大阪市の南東端に位置する平野区平野本町は、大都市圏近郊に位置しながらも、今なお江戸期から明治、大正期にかけての町並みを残す歴史的、文化的にも貴重な町の一つです。

平野は平安期から鎌倉期にかけて融通念佛宗大念仏寺の門前町として発展し、戦国期には末広氏を中心とする七名家を主導者とする在町平野として、堺と並ぶ自治都市に成長します。集落の周りを二重の堀と二重の土居で囲んだ要塞のような環濠集落であり、集落には13箇所の出入口が設けられ、各地への街道が通じる交通の要地でもありました。

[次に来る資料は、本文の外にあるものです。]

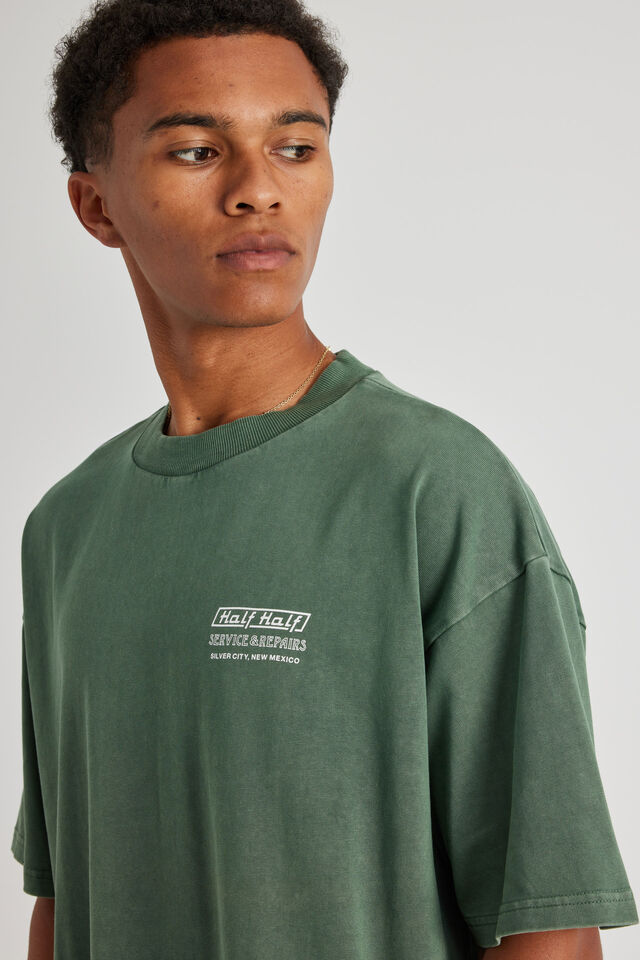 Half Half Heavyweight Box Fit Graphic Tshirt, HH WASHED SMOKEY PINE/SERVICES AND REPAIRS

戦国期から末広氏による南蛮貿易によって富を築いていた平野は、つねに時の為政者と深い結びつきを得ていた為に、争奪の場として戦乱に巻き込まれ続けており、大阪の役で町は完全に焼失してしまいました。しかしこの戦いで平野の衆は徳川方に協力した功によって、その後平野は幕府の直轄地となり、今に残る碁盤目状の町並として復興しました。末広氏はこの天領平野の代官にも任命されています。

南蛮貿易はその後の鎖国政策によって終止符を打たれますが、江戸期をとおして平野は河内木綿の集散地として繁栄し、人口一万人を越える商都として繁栄します。平野市之町では毎日、綿市が立てられていました。

平野本町の町割りは東西に広いメインストリートが延び、南北に細い小径・路地で結ばれています。東西のメインストリートには大正・昭和初期の町並みが連なりますが、南北の細い路地には比較的古い、幕末から明治期にかけての伝統的な町家建築が多く見られました。

現在平野では町ぐるみで組織する「平野・町ぐるみ博物館」というナショナルトラスト運動に通じるミニ博物館運動を行い、町並みの保全に努めていました。